GARLAND, Texas (AP) — An essay that won a 6-year-old girl four tickets to a Hannah Montana concert began with the powerful line: "My daddy died this year in Iraq."
While gripping, it was not true — and now the girl may lose her tickets after her mom acknowledged to contest organizers it was all a lie.
The sponsor of the contest was Club Libby Lu, a Chicago-based store that sells clothes, accessories and games intended for young girls.
The saga began Friday with company officials surprising the girl at a Club Libby Lu at a mall in suburban Garland, about 20 miles northeast of Dallas. The girl won a makeover that included a blonde Hannah Montana wig, as well as the grand prize: airfare for four to Albany, N.Y., and four tickets to the sold-out Hannah Montana concert on Jan. 9.
The mother had told company officials that the girl's father died April 17 in a roadside bombing in Iraq, company spokeswoman Robyn Caulfield said.

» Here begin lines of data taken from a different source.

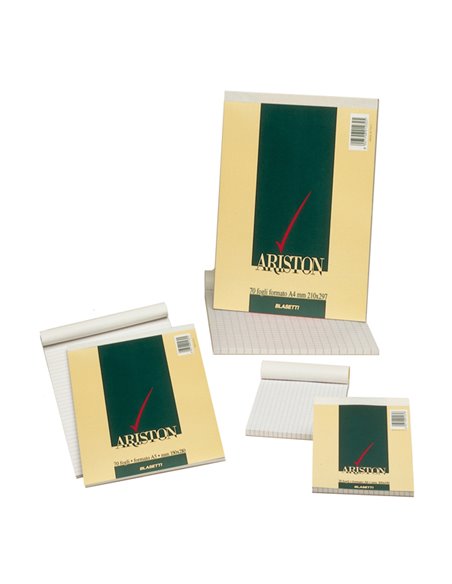 BLOCCO NOTE 100X150MM 5MM 60GR 70FG ARISTON BLASETTI 1065 BLASETTI BLOCCHI NOTE PM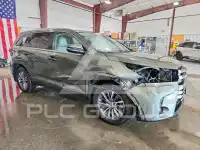 2019 Toyota Highlander фото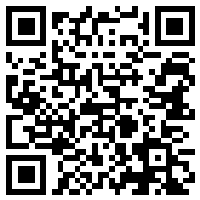 QR Code for bitcoin:1EhnCH8cm3CU2BZK4mMf73QAVzREam2PDW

"We did the essay and that's what we did to win," Priscilla Ceballos, the mother, said in an interview with Dallas TV station KDFW. "We did whatever we could do to win."She had identified the soldier as Sgt. Jonathon Menjivar, but the Department of Defense has no record of anyone with that name dying in Iraq. Caulfield said the mother has admitted to the deception.

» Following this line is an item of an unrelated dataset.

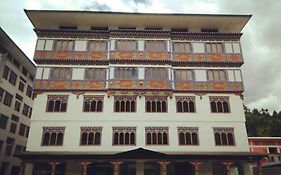 Amaa'S Suites Thimphu Exterior photo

"We regret that the original intent of the contest, which was to make a little girl's holiday extra special, has not been realized in the way we anticipated," said Mary Drolet, the CEO of Club Libby Lu.
Drolet said the company is reviewing the matter, and is considering taking away the girl's tickets.
Considering? That should have already been done. If they allow this girl to benefit from her obvious deception all they are doing is telling kids everywhere that it's okay to lie as long as you get what you want. Is that really the message that Club Libby Lu wants to promote?